I'm using Intel Advisor to analyze my parallel application. I have this code, which is the main loop of my program and where is spent most of the time:
for(size_t i=0; i<wrapperIndexes.size(); i++){
const int r = wrapperIndexes[i].r;
const int c = wrapperIndexes[i].c;
const float val = localWrappers[wrapperIndexes[i].i].cur.at<float>(wrapperIndexes[i].r,wrapperIndexes[i].c);
if ( (val > positiveThreshold && (isMax(val, localWrappers[wrapperIndexes[i].i].cur, r, c) && isMax(val, localWrappers[wrapperIndexes[i].i].low, r, c) && isMax(val, localWrappers[wrapperIndexes[i].i].high, r, c))) ||
(val < negativeThreshold && (isMin(val, localWrappers[wrapperIndexes[i].i].cur, r, c) && isMin(val, localWrappers[wrapperIndexes[i].i].low, r, c) && isMin(val, localWrappers[wrapperIndexes[i].i].high, r, c))) )
// either positive -> local max. or negative -> local min.
ANNOTATE_ITERATION_TASK(localizeKeypoint);
localizeKeypoint(r, c, localCurSigma[wrapperIndexes[i].i], localPixelDistances[wrapperIndexes[i].i], localWrappers[wrapperIndexes[i].i]);
}
As you can see, localizeKeypoint
is where most of the time the loop is spent (if you don't consider the if
clause).
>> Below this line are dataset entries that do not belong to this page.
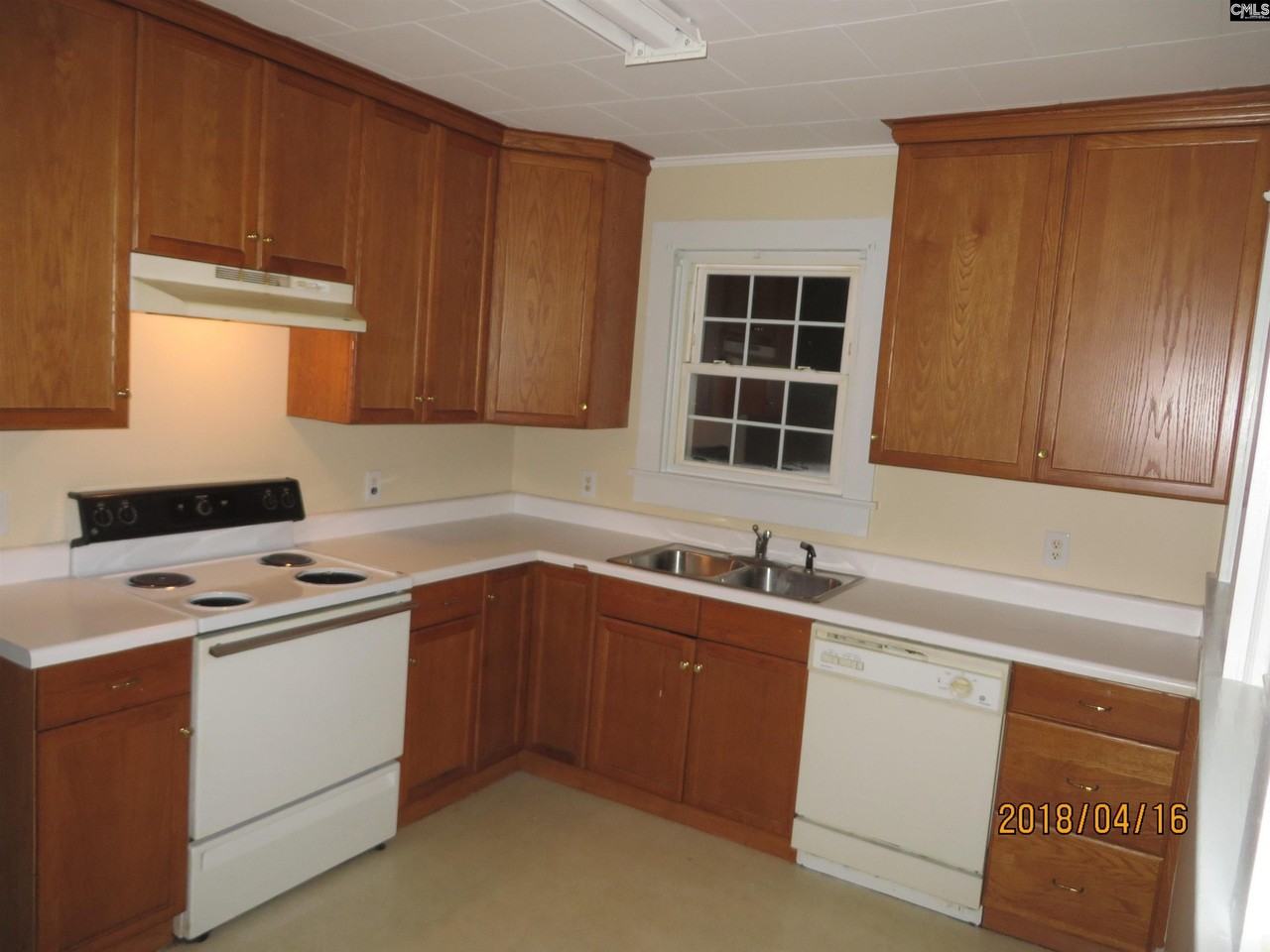 1312 Nunamaker Dr - Photo 3 of 7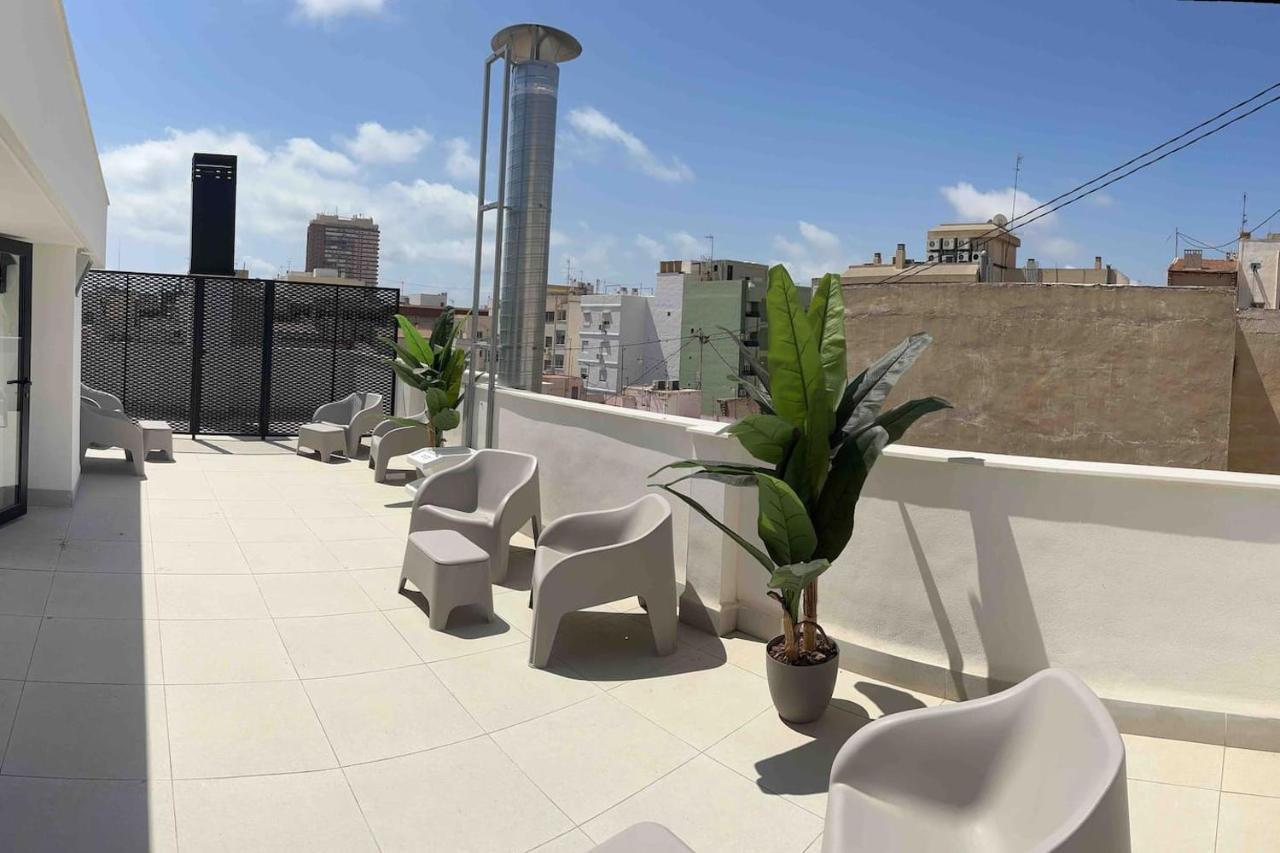 Apartamentos Breton 17 Suite Familiar Alicante Eksteriør bilde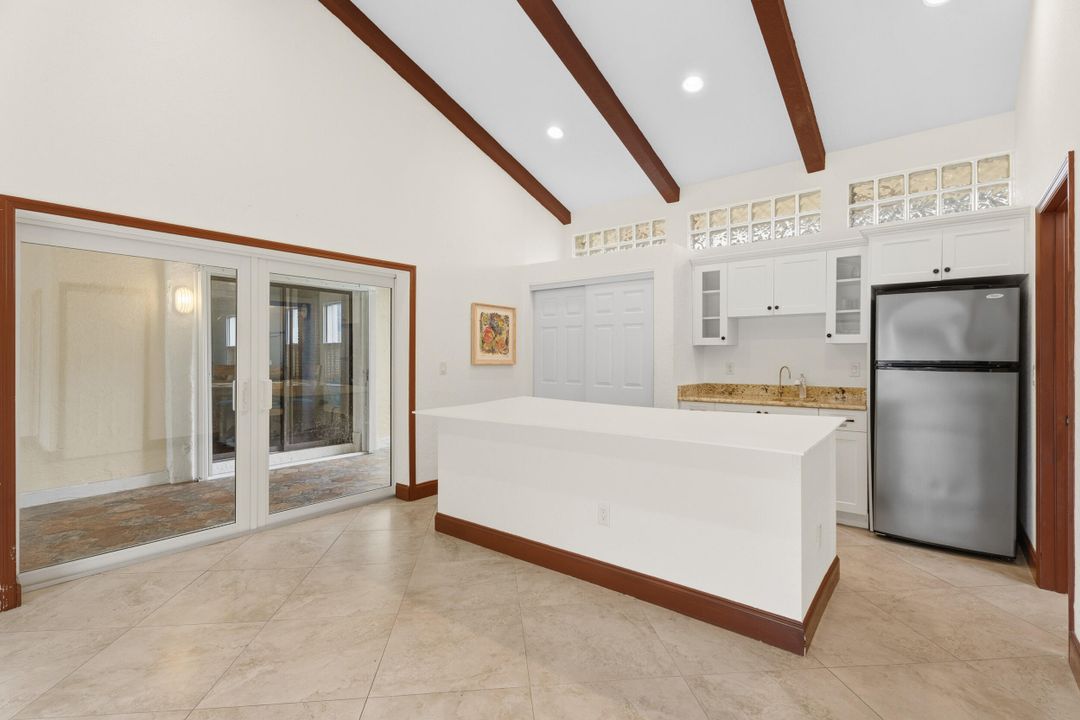 En Venta: $655,000 (4 camas, 2 baños, 2248 Pies cuadrados)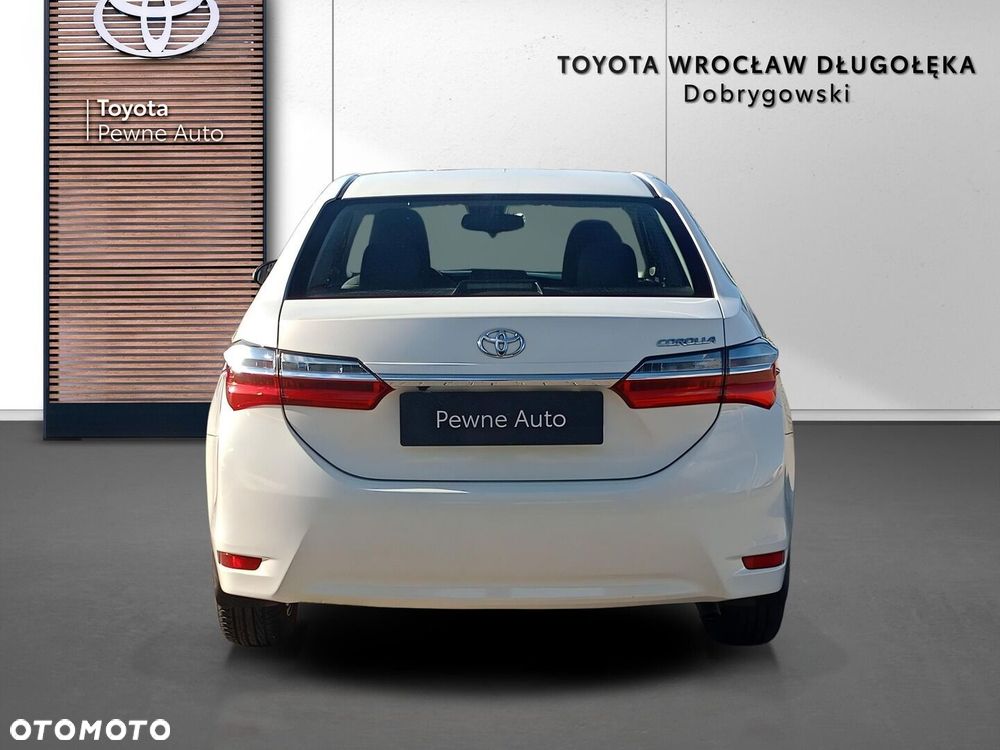 Toyota Corolla 1.6 Comfort - 5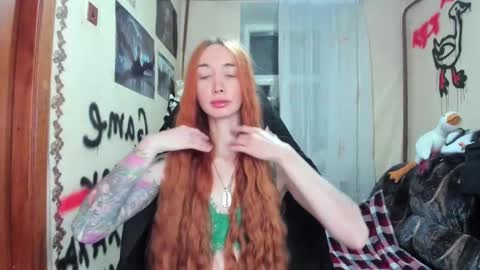 Snapshot of roxy_silver chatting on February 14, 7:12 pm Roxy online show from February 14, 7:12 pm
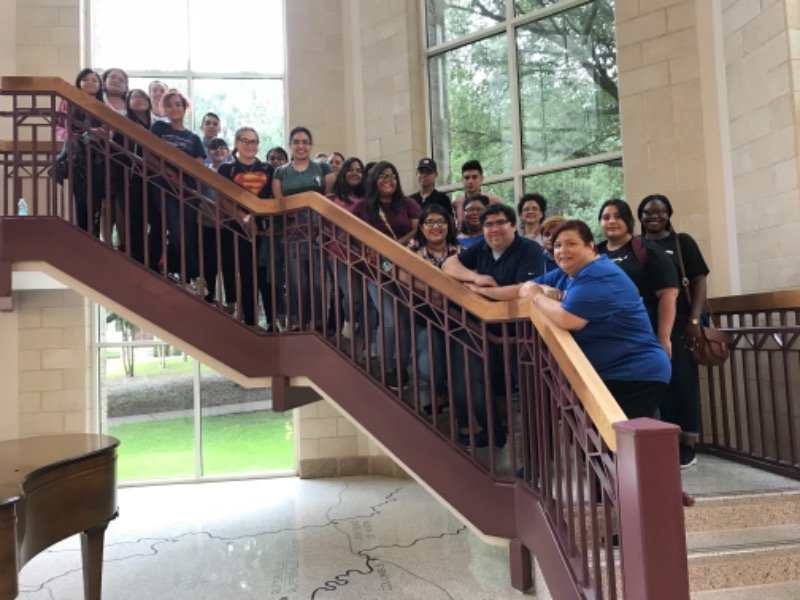 SaisdCCR's tweet photo. Our class of 2019 and 2020 students and their parents visited one of the Colleges That Change Lives: Southwestern University in Georgetown, TX. https://t.co/BUs3wwsrlr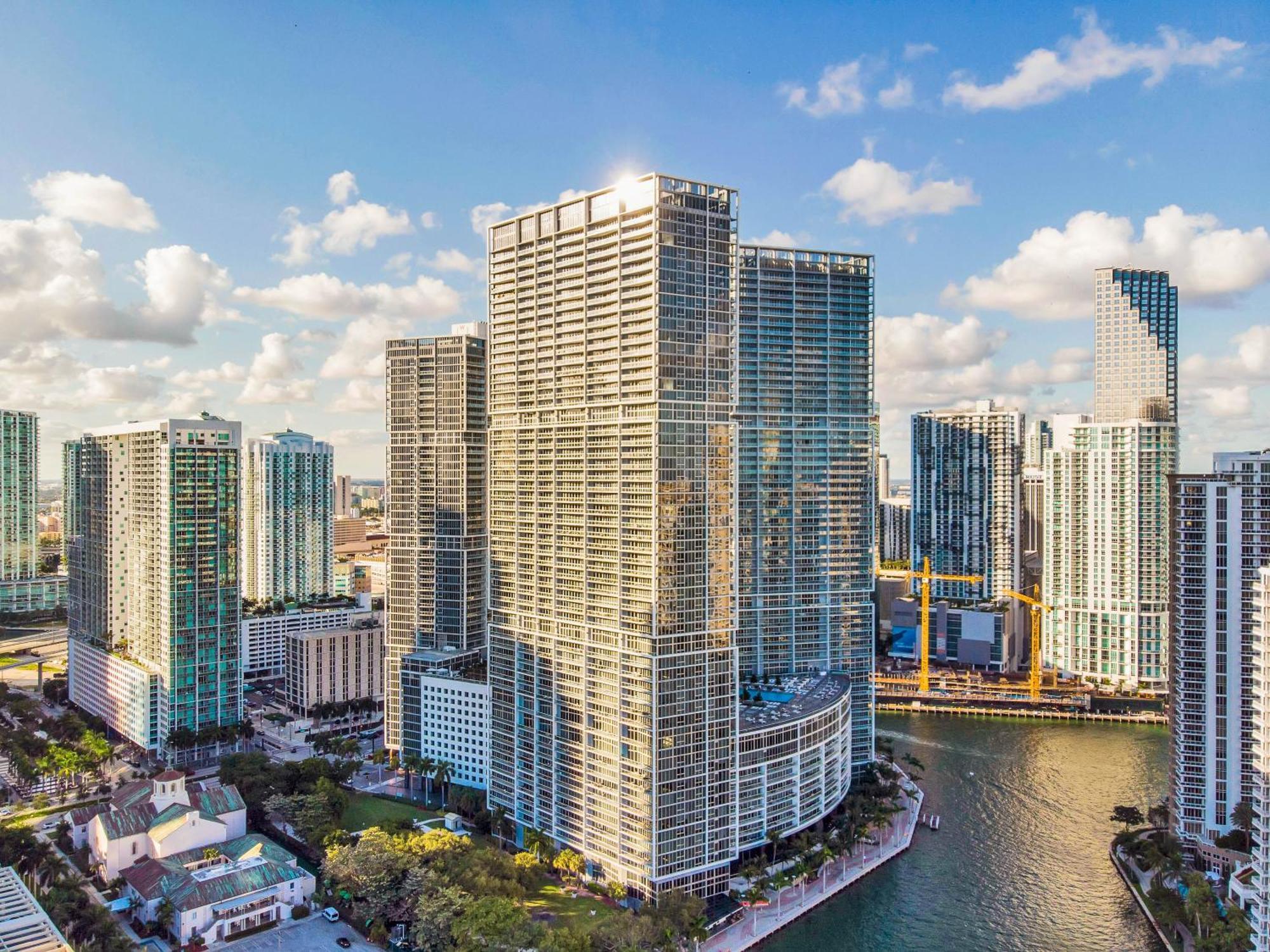 Luxurious Condo At Icon With Views Miami Exterior photo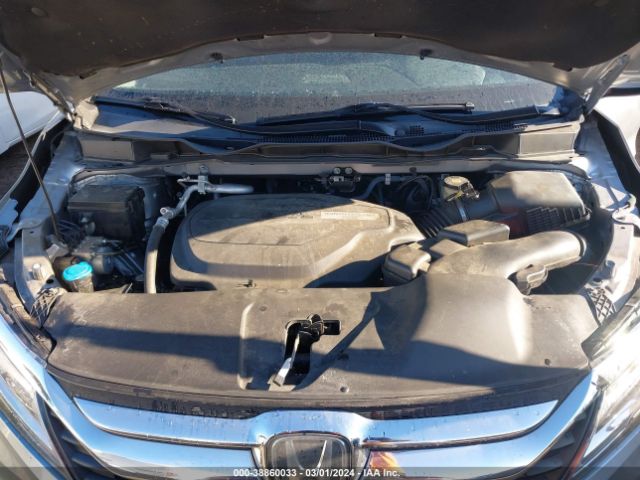 2018 HONDA ODYSSEY 5FNRL6H98JB074421 Photo 9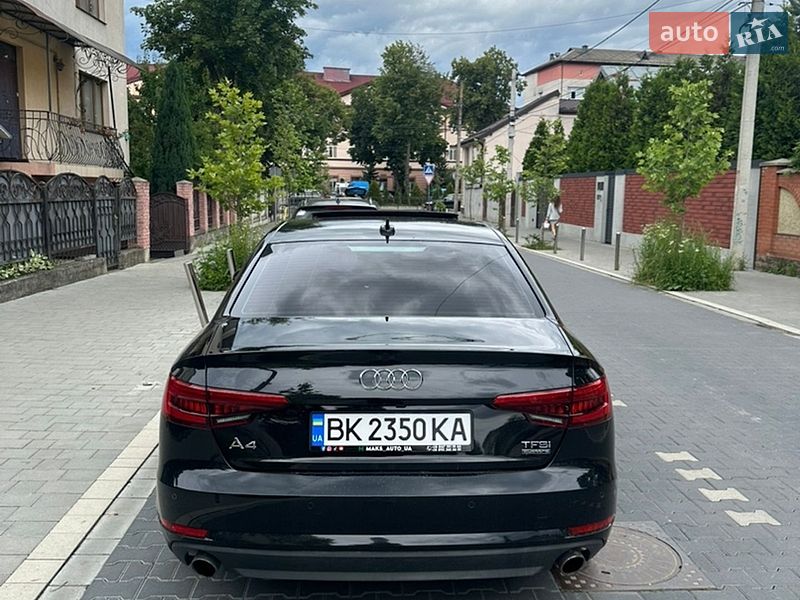 Седан Audi A4 2016 в Ивано-Франковске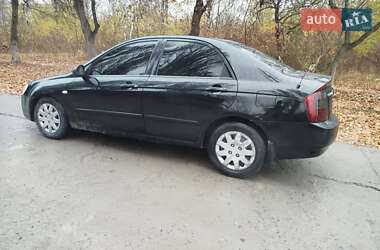 Седан Kia Cerato 2005 в Каменец-Подольском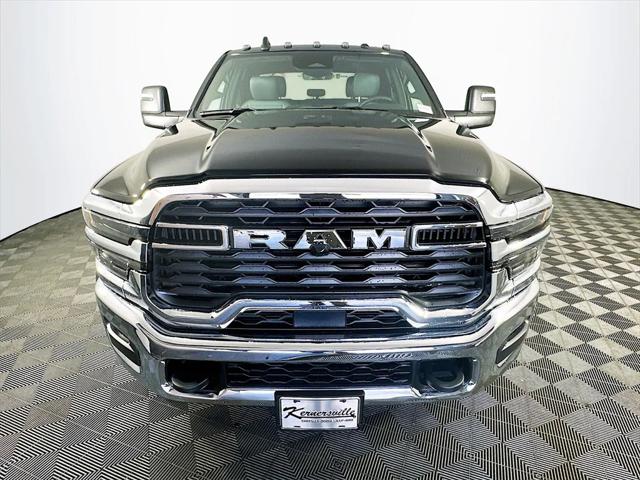 2025 RAM Ram 5500 Chassis Cab RAM 5500 TRADESMAN CHASSIS CREW CAB 4X4 84 CA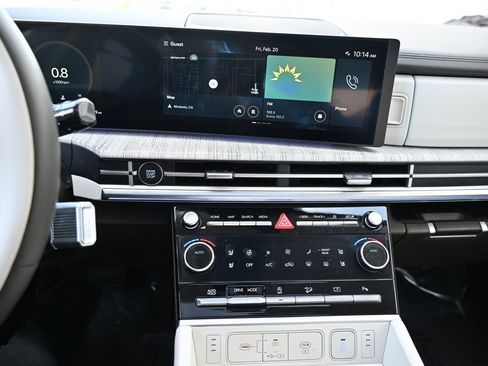 Used 2025 Hyundai Santa Fe Calligraphy image 9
I want to do a Suitability Report to estimate the gain from parallelizing the loop above. So I've written this:
ANNOTATE_SITE_BEGIN(solve);
for(size_t i=0; i<wrapperIndexes.size(); i++){
const int r = wrapperIndexes[i].r;
const int c = wrapperIndexes[i].c;
const float val = localWrappers[wrapperIndexes[i].i].cur.at<float>(wrapperIndexes[i].r,wrapperIndexes[i].c);
if ( (val > positiveThreshold && (isMax(val, localWrappers[wrapperIndexes[i].i].cur, r, c) && isMax(val, localWrappers[wrapperIndexes[i].i].low, r, c) && isMax(val, localWrappers[wrapperIndexes[i].i].high, r, c))) ||
(val < negativeThreshold && (isMin(val, localWrappers[wrapperIndexes[i].i].cur, r, c) && isMin(val, localWrappers[wrapperIndexes[i].i].low, r, c) && isMin(val, localWrappers[wrapperIndexes[i].i].high, r, c))) )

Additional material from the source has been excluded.